As technology continues to develop, information technology (IT) and operational technology (OT) onboard ships are increasingly being networked together – and more frequently connected to the worldwide web. As a result USB port protection is required.
This brings the greater risk of unauthorized access or malicious attacks to ships’ systems and networks. Risks may also occur from personnel having access to the systems onboard, for example by introducing malware via removable media or by making errors entering data settings, etc.
Personnel should have onboard training in identifying the typical modus operandi of cyber-attacks.
Physical and removable media controls
Transferring data from uncontrolled systems to controlled systems represents a major risk of introducing malware. Removable media such as USB sticks, SD cards, etc. can be used to bypass layers of defenses and can be used to attack systems that are otherwise not connected to the internet. All personnel shall ensure that media devices are not normally used to transfer information between uncontrolled and controlled systems.
There are however situations where it is unavoidable to use such media devices, for example during software maintenance.
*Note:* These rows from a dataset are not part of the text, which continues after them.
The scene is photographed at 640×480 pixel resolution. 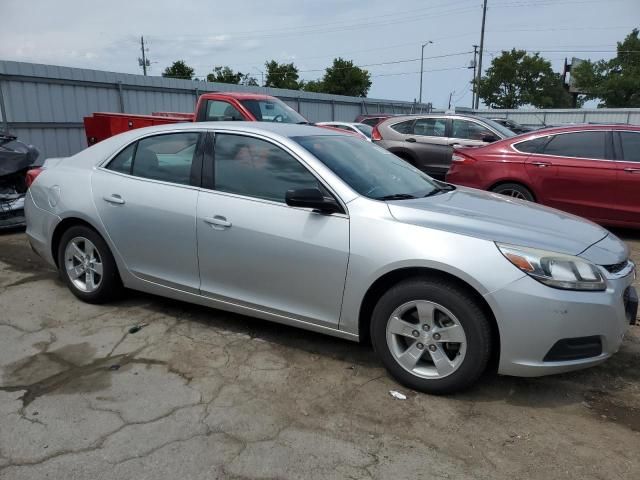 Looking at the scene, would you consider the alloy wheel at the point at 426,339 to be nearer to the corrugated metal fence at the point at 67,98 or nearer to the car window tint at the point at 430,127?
the car window tint at the point at 430,127

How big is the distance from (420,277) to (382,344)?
0.48 metres

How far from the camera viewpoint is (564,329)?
9.14 feet

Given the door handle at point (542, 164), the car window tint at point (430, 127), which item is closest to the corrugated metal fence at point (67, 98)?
the car window tint at point (430, 127)

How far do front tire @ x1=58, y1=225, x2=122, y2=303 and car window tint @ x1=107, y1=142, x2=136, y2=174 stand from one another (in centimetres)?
55

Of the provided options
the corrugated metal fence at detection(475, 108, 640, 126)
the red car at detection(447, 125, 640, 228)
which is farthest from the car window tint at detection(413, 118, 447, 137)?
the corrugated metal fence at detection(475, 108, 640, 126)

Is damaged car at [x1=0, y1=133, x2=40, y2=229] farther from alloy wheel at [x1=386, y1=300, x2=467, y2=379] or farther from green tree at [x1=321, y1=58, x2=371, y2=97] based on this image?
green tree at [x1=321, y1=58, x2=371, y2=97]

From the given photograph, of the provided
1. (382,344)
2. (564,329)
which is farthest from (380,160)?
(564,329)

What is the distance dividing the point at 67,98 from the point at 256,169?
10.6 m

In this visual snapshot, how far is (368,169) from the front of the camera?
3760 mm

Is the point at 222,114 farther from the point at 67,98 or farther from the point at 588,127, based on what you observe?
the point at 588,127

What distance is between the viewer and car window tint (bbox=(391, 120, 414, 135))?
1118 cm

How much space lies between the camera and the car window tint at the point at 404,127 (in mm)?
11180

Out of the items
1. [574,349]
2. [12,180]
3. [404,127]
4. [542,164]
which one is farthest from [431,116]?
[574,349]

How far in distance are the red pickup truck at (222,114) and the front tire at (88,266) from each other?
5098 millimetres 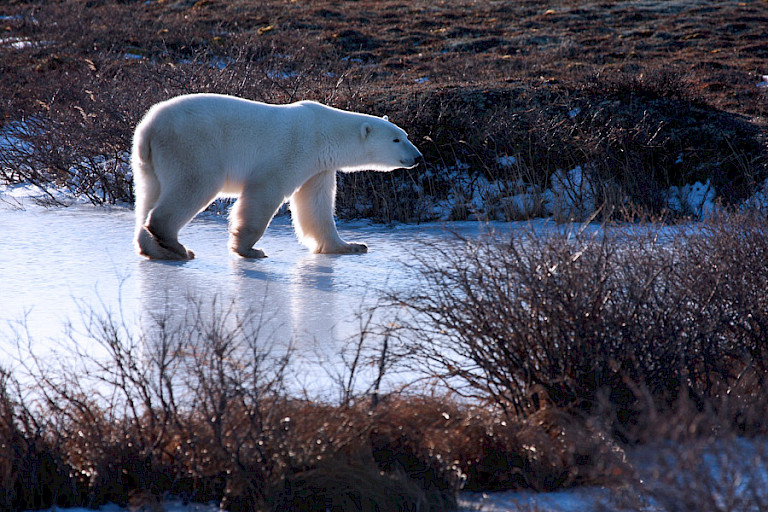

In such cases checking of removable media for malware is a prerequisite.
In order to tackle the cyber-attacks, we must control access of removable media to vulnerable systems onboard.
Vulnerable onboard systems could include
- Cargo management systems
- Bridge systems
- Propulsion and machinery management and power control systems
- Administrative and crew welfare systems
- Communication systems
Ship Inspection Report (SIRE)
Besides, Shipboard Safety Management System, we also have regular inspections such as SIRE. A Ship Inspection Report (SIRE) Programme was established by OCIMF, which enabled voluntary participation and submitting companies to follow a uniform Vessel Inspection Procedure. And there comes Vessel Inspection Questionnaires (“VIQs”) contain a series of questions related to safety and pollution prevention applicable to the type of vessel that is inspected.
In Chapter 7 questions are related to Maritime Security and Cyber Security is also part of the VIQ.
As per VIQ 7.14 vessels must-have Cyber Security Policy and Procedures as part of the Safety Management System and a Cyber Response Plan. This procedure shall cover risk assessment issues such as mitigation measures controlling USB ports etc.
Also, the crew must be aware of the company policy on the control of physical access to all shipboard IT/OT systems. Access to USB ports on ‘Shipboard IT/OT’ terminals should be controlled, measures must be in place either to block or lock USB or RJ-45 ports on these terminals. Procedures should include the protection of critical equipment such as ECDIS from malware and virus attacks. Procedures should include the control of access to all shipboard IT/OT terminals including access to Servers that should be in a secure location. The procedures should also include access by any third-party contractors and technicians.
The company must have a policy or guidance on the use of personal devices onboard. Personal devices include phones/tablets etc and storage devices such as USB sticks. Check if the policy is implemented by both, crew, and visitors, e.g., all third-party contractors and technicians.
How to lock USB with GiliSoft software?
Install the software into the onboard designated working computers.
Enable password protection to access the software.
Check box “Disable Reading or Writing USB Disk”
Insert the desired USB stick into the USB port and press the “Add” button to whitelist the device.
Now the whitelisted device can be accessed.